▸ Exercise brief:
The expected output is every entry, repeated word for word.

[Scraped caption text data]
Start of Block
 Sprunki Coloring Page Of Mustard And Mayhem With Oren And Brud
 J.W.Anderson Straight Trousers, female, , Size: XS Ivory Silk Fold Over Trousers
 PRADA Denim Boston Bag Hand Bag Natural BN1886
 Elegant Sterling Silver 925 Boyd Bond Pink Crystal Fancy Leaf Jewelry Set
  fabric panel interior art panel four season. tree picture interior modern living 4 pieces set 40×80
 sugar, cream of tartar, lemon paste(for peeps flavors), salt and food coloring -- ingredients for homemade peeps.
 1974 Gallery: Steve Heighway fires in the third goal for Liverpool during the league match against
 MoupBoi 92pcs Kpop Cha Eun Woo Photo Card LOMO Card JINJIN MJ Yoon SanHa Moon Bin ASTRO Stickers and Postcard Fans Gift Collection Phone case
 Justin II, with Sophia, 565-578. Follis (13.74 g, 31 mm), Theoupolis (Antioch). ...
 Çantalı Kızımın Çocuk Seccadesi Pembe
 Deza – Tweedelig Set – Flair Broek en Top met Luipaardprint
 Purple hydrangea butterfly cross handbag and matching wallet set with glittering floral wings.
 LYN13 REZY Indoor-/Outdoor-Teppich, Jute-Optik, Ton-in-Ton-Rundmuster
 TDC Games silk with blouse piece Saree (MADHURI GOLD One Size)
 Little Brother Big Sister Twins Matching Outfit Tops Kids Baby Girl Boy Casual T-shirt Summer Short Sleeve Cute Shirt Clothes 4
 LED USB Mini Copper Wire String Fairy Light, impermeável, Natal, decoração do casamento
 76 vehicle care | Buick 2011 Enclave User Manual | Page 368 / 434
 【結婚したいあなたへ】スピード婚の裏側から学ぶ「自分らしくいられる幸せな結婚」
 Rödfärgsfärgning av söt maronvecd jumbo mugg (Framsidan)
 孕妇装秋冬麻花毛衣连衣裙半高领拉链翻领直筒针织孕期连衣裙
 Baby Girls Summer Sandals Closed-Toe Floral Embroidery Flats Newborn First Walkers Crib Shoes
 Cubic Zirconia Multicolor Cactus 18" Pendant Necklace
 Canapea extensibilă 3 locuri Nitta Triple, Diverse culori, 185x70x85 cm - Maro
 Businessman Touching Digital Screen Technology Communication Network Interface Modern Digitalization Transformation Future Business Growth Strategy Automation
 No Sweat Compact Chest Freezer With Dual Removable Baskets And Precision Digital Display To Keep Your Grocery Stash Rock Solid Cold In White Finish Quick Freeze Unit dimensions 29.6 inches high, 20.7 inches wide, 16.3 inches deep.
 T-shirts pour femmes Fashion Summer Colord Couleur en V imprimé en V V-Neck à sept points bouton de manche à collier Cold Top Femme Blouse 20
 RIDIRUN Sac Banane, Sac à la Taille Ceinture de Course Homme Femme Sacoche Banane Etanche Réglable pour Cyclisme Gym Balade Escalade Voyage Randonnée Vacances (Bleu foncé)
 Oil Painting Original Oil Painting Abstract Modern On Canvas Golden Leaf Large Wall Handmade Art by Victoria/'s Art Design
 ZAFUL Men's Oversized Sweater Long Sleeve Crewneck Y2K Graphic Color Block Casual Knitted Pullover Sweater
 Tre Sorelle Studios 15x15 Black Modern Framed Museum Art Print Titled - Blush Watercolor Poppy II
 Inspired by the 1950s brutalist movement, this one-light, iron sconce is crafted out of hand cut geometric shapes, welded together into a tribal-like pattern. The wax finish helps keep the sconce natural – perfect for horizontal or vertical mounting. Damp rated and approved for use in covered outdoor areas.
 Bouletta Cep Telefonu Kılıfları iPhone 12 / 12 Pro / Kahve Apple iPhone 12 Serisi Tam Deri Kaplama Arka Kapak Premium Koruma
End of Block
▸ Answer space:
 Sprunki Coloring Page Of Mustard And Mayhem With Oren And Brud
 J.W.Anderson Straight Trousers, female, , Size: XS Ivory Silk Fold Over Trousers
 PRADA Denim Boston Bag Hand Bag Natural BN1886
 Elegant Sterling Silver 925 Boyd Bond Pink Crystal Fancy Leaf Jewelry Set
  fabric panel interior art panel four season. tree picture interior modern living 4 pieces set 40×80
 sugar, cream of tartar, lemon paste(for peeps flavors), salt and food coloring -- ingredients for homemade peeps.
 1974 Gallery: Steve Heighway fires in the third goal for Liverpool during the league match against
 MoupBoi 92pcs Kpop Cha Eun Woo Photo Card LOMO Card JINJIN MJ Yoon SanHa Moon Bin ASTRO Stickers and Postcard Fans Gift Collection Phone case
 Justin II, with Sophia, 565-578. Follis (13.74 g, 31 mm), Theoupolis (Antioch). ...
 Çantalı Kızımın Çocuk Seccadesi Pembe
 Deza – Tweedelig Set – Flair Broek en Top met Luipaardprint
 Purple hydrangea butterfly cross handbag and matching wallet set with glittering floral wings.
 LYN13 REZY Indoor-/Outdoor-Teppich, Jute-Optik, Ton-in-Ton-Rundmuster
 TDC Games silk with blouse piece Saree (MADHURI GOLD One Size)
 Little Brother Big Sister Twins Matching Outfit Tops Kids Baby Girl Boy Casual T-shirt Summer Short Sleeve Cute Shirt Clothes 4
 LED USB Mini Copper Wire String Fairy Light, impermeável, Natal, decoração do casamento
 76 vehicle care | Buick 2011 Enclave User Manual | Page 368 / 434
 【結婚したいあなたへ】スピード婚の裏側から学ぶ「自分らしくいられる幸せな結婚」
 Rödfärgsfärgning av söt maronvecd jumbo mugg (Framsidan)
 孕妇装秋冬麻花毛衣连衣裙半高领拉链翻领直筒针织孕期连衣裙
 Baby Girls Summer Sandals Closed-Toe Floral Embroidery Flats Newborn First Walkers Crib Shoes
 Cubic Zirconia Multicolor Cactus 18" Pendant Necklace
 Canapea extensibilă 3 locuri Nitta Triple, Diverse culori, 185x70x85 cm - Maro
 Businessman Touching Digital Screen Technology Communication Network Interface Modern Digitalization Transformation Future Business Growth Strategy Automation
 No Sweat Compact Chest Freezer With Dual Removable Baskets And Precision Digital Display To Keep Your Grocery Stash Rock Solid Cold In White Finish Quick Freeze Unit dimensions 29.6 inches high, 20.7 inches wide, 16.3 inches deep.
 T-shirts pour femmes Fashion Summer Colord Couleur en V imprimé en V V-Neck à sept points bouton de manche à collier Cold Top Femme Blouse 20
 RIDIRUN Sac Banane, Sac à la Taille Ceinture de Course Homme Femme Sacoche Banane Etanche Réglable pour Cyclisme Gym Balade Escalade Voyage Randonnée Vacances (Bleu foncé)
 Oil Painting Original Oil Painting Abstract Modern On Canvas Golden Leaf Large Wall Handmade Art by Victoria/'s Art Design
 ZAFUL Men's Oversized Sweater Long Sleeve Crewneck Y2K Graphic Color Block Casual Knitted Pullover Sweater
 Tre Sorelle Studios 15x15 Black Modern Framed Museum Art Print Titled - Blush Watercolor Poppy II
 Inspired by the 1950s brutalist movement, this one-light, iron sconce is crafted out of hand cut geometric shapes, welded together into a tribal-like pattern. The wax finish helps keep the sconce natural – perfect for horizontal or vertical mounting. Damp rated and approved for use in covered outdoor areas.
 Bouletta Cep Telefonu Kılıfları iPhone 12 / 12 Pro / Kahve Apple iPhone 12 Serisi Tam Deri Kaplama Arka Kapak Premium Koruma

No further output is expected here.